Problem description: Without the pictures, set down everything in the listing exactly.

Given data:
┄┄┄┄┄┄┄┄┄┄┄┄┄┄┄┄┄┄┄┄

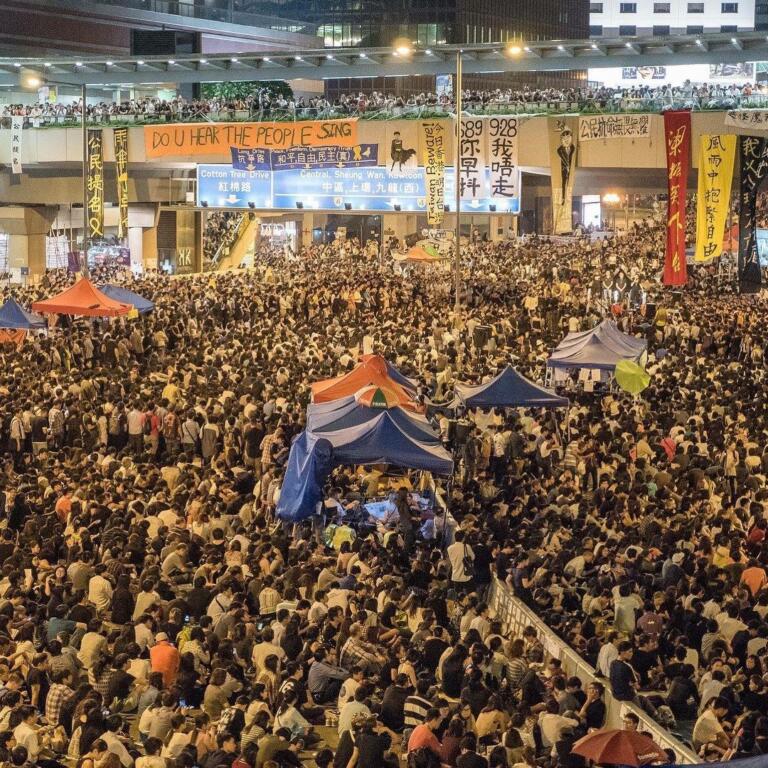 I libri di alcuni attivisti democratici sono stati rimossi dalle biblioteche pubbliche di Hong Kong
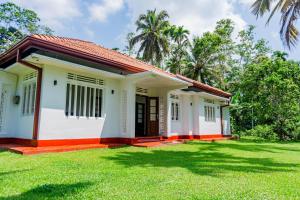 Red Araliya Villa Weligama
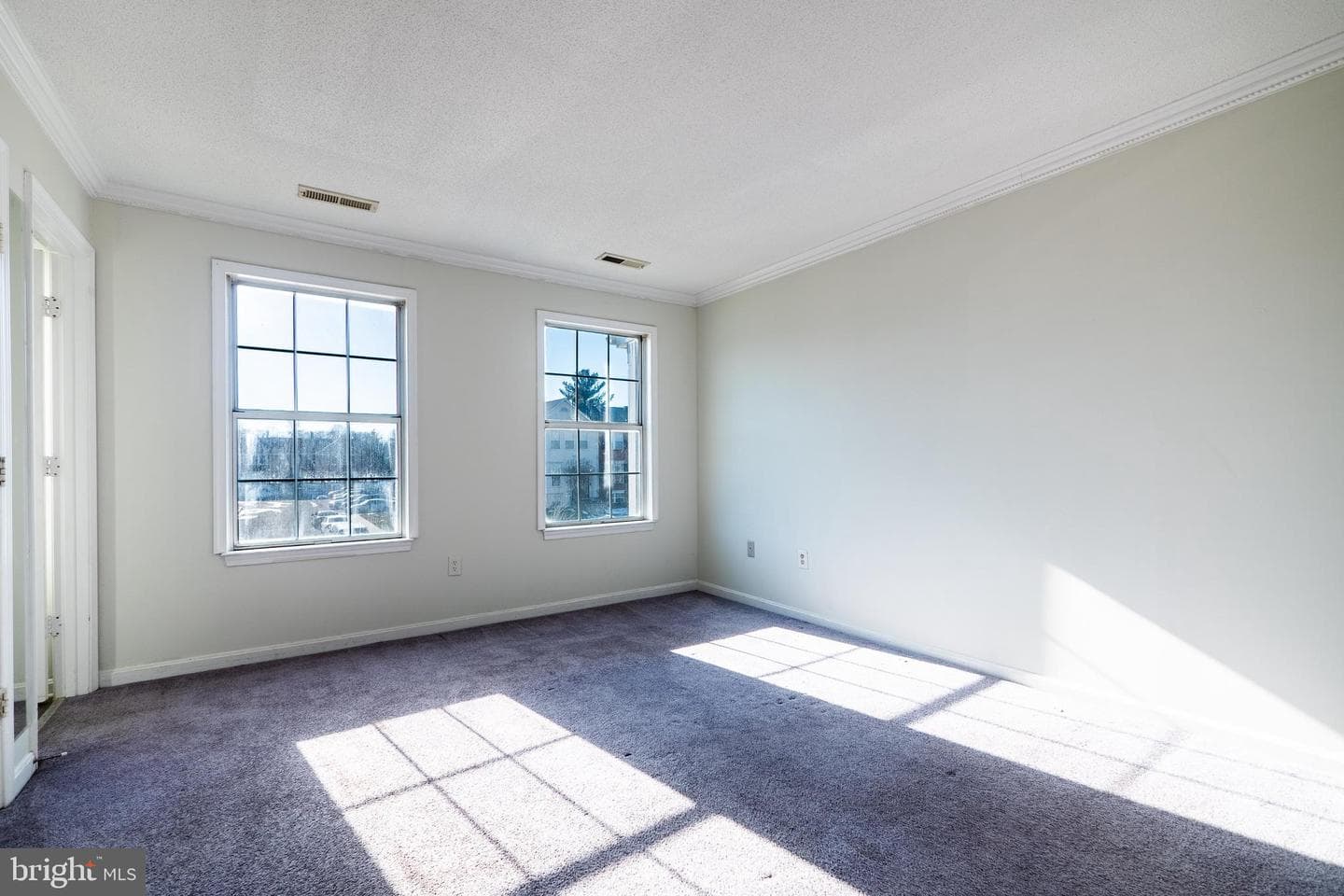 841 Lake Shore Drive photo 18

┄┄┄┄┄┄┄┄┄┄┄┄┄┄┄┄┄┄┄┄

Result:
 I libri di alcuni attivisti democratici sono stati rimossi dalle biblioteche pubbliche di Hong Kong
 Red Araliya Villa Weligama
 841 Lake Shore Drive photo 18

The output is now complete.